Mémoire de fille, version française incarnée au Théâtre des Abbesses, à Paris, par la très vive Suzanne de Baecque, est née dans l’élan d’une précédente version. Allemande, celle-ci, et portée à la scène dès 2022 à la Schaubühne de Berlin par l’actrice Veronika Bachfischer.
Mémoire de fille est un roman autobiographique d’Annie Ernaux, publié en 2016, dans lequel deux versions de l’écrivaine coexistent qui forment un corps solidaire lorsque Ernaux, soixante ans après les faits racontés, saisit la main d’Annie Duchesne (son nom à 17 ans), pour la hisser à ses côtés et consoler sa peine, reconnaître en elle une victime et, par l’énoncé de ce mot, réparer ses propres blessures.

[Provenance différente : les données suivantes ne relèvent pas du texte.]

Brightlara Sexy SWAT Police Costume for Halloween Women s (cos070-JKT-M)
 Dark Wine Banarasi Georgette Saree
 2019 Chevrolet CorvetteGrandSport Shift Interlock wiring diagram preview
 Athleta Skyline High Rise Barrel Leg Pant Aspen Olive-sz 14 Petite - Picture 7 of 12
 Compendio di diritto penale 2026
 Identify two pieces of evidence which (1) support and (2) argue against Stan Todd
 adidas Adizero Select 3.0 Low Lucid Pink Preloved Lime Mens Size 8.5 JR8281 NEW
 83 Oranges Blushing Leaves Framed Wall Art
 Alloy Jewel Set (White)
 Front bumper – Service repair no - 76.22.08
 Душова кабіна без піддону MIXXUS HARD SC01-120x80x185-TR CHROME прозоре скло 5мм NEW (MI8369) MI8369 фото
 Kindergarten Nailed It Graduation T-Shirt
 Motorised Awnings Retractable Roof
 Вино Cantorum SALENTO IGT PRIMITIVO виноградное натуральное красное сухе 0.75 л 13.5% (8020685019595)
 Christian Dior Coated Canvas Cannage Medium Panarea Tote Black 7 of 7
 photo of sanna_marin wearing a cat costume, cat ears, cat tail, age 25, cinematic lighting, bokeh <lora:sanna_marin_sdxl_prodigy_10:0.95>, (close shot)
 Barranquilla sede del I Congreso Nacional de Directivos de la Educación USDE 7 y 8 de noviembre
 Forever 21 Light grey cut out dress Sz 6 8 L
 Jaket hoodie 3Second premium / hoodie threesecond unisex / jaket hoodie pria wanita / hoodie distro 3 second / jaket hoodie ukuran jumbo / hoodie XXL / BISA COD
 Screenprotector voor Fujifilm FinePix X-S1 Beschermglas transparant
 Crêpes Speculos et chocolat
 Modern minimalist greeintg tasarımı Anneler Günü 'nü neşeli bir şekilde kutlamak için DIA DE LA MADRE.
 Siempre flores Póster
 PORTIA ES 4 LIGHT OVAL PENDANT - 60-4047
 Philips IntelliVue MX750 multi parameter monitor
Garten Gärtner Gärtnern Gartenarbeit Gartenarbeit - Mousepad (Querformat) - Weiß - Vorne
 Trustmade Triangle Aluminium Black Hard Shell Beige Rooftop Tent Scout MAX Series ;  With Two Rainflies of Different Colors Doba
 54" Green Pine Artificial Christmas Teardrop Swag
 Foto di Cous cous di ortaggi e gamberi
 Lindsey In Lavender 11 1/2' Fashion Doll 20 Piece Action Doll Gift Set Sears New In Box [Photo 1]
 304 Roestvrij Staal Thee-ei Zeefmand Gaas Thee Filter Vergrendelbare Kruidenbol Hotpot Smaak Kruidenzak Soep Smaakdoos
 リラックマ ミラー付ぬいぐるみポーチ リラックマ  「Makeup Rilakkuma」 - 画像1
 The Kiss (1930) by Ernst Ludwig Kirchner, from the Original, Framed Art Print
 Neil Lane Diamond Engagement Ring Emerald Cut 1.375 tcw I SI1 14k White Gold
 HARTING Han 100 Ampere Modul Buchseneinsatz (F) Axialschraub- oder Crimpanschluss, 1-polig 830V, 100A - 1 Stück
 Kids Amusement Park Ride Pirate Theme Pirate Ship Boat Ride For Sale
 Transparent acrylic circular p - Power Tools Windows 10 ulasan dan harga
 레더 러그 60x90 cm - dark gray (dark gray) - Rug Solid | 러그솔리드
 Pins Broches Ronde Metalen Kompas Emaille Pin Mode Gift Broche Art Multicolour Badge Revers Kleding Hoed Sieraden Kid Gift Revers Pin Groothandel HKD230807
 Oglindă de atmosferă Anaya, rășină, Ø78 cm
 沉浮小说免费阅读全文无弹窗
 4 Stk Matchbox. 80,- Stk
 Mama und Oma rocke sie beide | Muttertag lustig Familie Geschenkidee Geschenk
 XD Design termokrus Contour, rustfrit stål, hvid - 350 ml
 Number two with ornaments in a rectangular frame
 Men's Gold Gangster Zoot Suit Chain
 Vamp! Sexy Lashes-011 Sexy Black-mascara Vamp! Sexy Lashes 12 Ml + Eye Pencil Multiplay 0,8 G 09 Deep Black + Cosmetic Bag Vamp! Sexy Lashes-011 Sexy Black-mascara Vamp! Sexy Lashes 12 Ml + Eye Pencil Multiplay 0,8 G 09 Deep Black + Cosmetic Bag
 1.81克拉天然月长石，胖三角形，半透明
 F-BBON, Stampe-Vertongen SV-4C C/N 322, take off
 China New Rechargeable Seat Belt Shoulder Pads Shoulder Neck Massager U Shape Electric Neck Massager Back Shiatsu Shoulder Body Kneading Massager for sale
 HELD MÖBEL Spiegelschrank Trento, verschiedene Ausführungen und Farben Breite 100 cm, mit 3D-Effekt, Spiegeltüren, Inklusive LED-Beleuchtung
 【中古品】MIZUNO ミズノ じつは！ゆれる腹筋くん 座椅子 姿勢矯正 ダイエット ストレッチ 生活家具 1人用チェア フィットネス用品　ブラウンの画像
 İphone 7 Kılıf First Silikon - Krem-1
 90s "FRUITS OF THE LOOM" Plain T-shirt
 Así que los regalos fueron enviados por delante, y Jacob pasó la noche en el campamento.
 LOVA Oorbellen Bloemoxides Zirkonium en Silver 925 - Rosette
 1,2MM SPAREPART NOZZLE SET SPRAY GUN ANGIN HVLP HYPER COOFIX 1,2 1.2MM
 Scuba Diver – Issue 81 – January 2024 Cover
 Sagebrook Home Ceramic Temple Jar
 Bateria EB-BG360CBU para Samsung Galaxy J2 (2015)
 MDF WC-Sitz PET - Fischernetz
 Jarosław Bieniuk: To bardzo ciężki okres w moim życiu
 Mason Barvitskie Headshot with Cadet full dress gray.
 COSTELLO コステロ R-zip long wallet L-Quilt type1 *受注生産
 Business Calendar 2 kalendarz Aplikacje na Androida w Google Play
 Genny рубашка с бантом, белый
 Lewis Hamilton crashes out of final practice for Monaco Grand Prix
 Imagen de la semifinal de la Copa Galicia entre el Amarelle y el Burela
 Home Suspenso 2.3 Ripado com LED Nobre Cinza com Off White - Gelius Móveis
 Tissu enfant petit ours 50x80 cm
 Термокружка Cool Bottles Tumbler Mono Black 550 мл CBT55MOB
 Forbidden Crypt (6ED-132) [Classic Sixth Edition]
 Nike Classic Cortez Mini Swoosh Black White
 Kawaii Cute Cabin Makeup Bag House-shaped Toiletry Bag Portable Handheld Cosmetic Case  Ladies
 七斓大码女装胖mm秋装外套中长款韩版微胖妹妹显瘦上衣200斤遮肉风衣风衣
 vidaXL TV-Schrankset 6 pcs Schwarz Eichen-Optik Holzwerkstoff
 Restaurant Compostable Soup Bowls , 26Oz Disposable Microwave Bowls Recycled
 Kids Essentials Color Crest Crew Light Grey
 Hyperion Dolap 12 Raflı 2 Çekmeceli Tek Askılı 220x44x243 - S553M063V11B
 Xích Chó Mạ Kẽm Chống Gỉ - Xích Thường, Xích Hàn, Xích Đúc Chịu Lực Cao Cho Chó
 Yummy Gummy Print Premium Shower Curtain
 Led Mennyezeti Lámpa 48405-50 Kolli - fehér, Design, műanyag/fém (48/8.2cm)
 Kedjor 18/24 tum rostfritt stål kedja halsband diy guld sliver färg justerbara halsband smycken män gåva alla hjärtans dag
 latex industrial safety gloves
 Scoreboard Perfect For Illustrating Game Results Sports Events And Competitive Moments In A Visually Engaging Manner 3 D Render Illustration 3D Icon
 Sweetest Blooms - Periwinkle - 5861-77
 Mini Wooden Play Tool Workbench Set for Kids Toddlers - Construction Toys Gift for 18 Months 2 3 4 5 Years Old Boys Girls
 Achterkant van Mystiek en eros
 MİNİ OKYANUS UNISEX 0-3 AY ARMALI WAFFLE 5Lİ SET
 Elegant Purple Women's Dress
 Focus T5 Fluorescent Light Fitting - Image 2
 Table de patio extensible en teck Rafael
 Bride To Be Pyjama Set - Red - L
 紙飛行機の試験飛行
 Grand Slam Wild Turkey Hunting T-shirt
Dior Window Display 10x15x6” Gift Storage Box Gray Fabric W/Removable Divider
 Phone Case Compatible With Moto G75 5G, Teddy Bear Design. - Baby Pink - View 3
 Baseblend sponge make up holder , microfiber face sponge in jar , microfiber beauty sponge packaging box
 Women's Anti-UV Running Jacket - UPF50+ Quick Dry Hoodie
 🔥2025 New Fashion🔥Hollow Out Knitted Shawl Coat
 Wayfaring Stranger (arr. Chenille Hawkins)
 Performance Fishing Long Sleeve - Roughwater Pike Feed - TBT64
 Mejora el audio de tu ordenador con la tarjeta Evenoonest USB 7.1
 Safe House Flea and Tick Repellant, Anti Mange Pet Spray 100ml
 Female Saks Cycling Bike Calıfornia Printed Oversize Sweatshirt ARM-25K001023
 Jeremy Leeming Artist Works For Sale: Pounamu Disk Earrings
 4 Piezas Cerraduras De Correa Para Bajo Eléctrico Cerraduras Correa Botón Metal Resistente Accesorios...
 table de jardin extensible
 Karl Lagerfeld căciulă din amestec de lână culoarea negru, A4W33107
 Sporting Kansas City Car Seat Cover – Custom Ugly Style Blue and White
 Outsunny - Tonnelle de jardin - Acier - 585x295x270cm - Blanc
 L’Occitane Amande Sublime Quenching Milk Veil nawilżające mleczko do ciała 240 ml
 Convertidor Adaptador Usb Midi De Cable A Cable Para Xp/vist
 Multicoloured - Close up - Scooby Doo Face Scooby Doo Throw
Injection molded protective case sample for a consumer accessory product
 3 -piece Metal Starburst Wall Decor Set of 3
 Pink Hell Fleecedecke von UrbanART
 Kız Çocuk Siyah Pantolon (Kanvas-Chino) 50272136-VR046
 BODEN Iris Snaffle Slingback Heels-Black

Il est important ce récit de vérité dans lequel une femme parvient à s’extirper de la honte et de la culpabilité en basculant une faute qu’elle croyait sienne de ses épaules à celles de l’amant : un moniteur de colonie de vacances qui, en 1958, impose à Annie encore vierge les modalités, par lui seul décidées, d’un rapport sexuel. Elle pensait alors cette étreinte consentie. Il lui faudra des années pour comprendre ce qu’elle a subi. Et s’expliquer les suites : anorexie, arrêt des règles, sentiment d’être une moins que rien, tête basse devant ce « putain » dont la gratifie, à l’époque, la bêtise crasse de ses camarades.